Recipe: Huevos Rancheros

This is not a million miles from a fry up, but lighter and healthier because of a few  key substitutions, namely toast -> corn tortilla, ketchup -> tomato salsa, bacon -> black beans (cooked with a bit of bacon for flavour!)

Replacing the piggy elements with black beans also reduces the overall costs substantially – for a super budget version, use 250g dried black beans and soak overnight, then rinse and cover with water before bringing to the boil and simmering for 20 minutes.
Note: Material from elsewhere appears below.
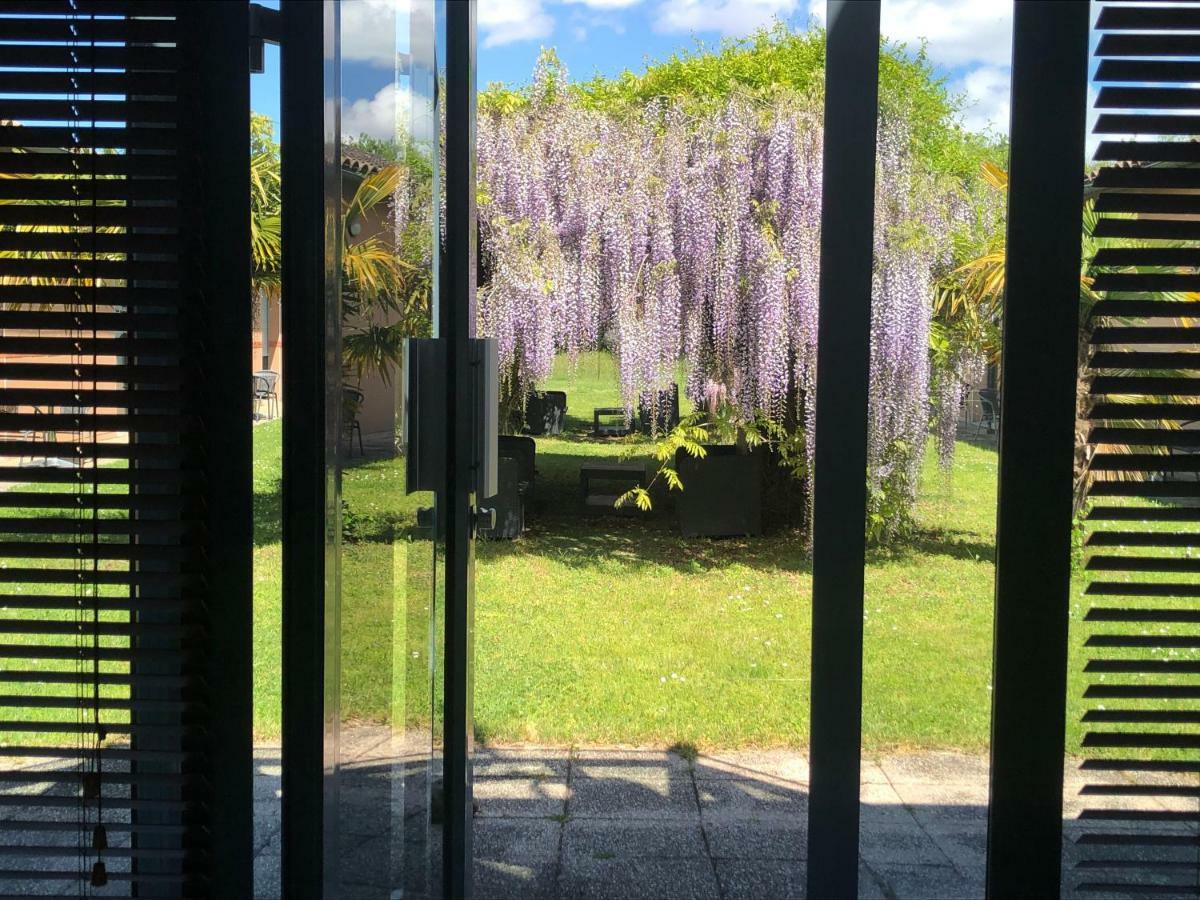 Hotel & Seminaire Le Patio Occitan - Toulouse Ouest - La Ramee Cugnaux Екстериор снимка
For a vegetarian version, omit the bacon and maybe add diced carrot to be cooked with the onion instead.

Serves 6 (with 3-4 spare servings for seconds)

2x 350g cans black beans (or dried beans, see above)
60g cooking bacon
2 onions, diced small
8-10 corn tortillas (1 per serving)
8-10 eggs (1 per serving)
300g grated mozzarella
1 small carton sour cream (reduced fat is fine)
4 ripe avocados
2 limes
6 medium tomatoes
3 spring onions, finely chopped
Small bunch of coriander, stems removed and chopped
Chili sauce, to serve

  1. (Steps 1-4 can be done in advance, then just reheat the beans when you start on the tortillas) fry the bacon in a large saucepan (non-stick if possible, so that you don’t need to add any oil), then add the diced onions when the fat begins to render. Stir occasionally, but mostly leave the onions to soften and turn gold whilst you get on with the guacamole and salsa.
  2. For the quick salsa, wash and quarter the tomatoes, and use the food processor to blitz into roughly 7mm chunks – this should only take a few pulses, go carefully to avoid ending up with puree. Grind in sea salt and about ½ tsp sugar to taste, then mix with the spring onions and coriander in a serving bowl – this can go straight on the table for brunchers to serve themselves  later  (or snack on now with tortilla chips).
  3. If the onions are translucent and fragrant by now, add both cans of beans (or your cooked beans). Bring to the boil and then reduce to a simmer, and stir every so often to stop them sticking. If not, make the guacamole and then some back to this step.
  4. Roll the limes with your palm on the countertop to release the juice, then have and squeeze into the guacamole bowl. Halve the avocados, lever out the stones with a teaspoon and scrape the creamy jade flesh into the bowl of lime juice. Add a tsp of flaky salt and mash with a fork (if you happen to have any roasted garlic around, this is a wonderful addition but I think it’s unrealistic to make some specially). Throw it to the wolves at the table.
  5. When the beans are soft, but not breaking up, you are ready to get going on the tortillas. I like to have two small frying pans on the two front hobs, with the beans simmering on a back one. Using a medium/high heat with both hobs, when the frying pans are hot place a corn tortilla on each and wait for the tortillas to puff slightly.
  6. Flip the tortillas and sprinkle with a thin layer of cheese, then break an egg onto each cheese covered tortilla from a low height. The eggs might slip off – this is fine. Wait for the cheese to start to melt, and the albumen to turn milky, then slide your widest non-stick spatula under the tortilla and carefully turn. The egg will fall off but the cheese should adhere. Place the tortilla, cheese side down, on top of the egg and leave for a minute or so – the egg while should be cooked, but the yolk should still be a bit runny. Ideally the cheese will be beginning to burnish and the edges should go lacy.
  7. Serve on a large plate with a scoop of black beans, then bring to the table for brunchers to add their own guacamole, sour cream, salsa and chili sauce.
  8. Repeat from step 5 until you run out of ingredients or appetite, whichever comes first.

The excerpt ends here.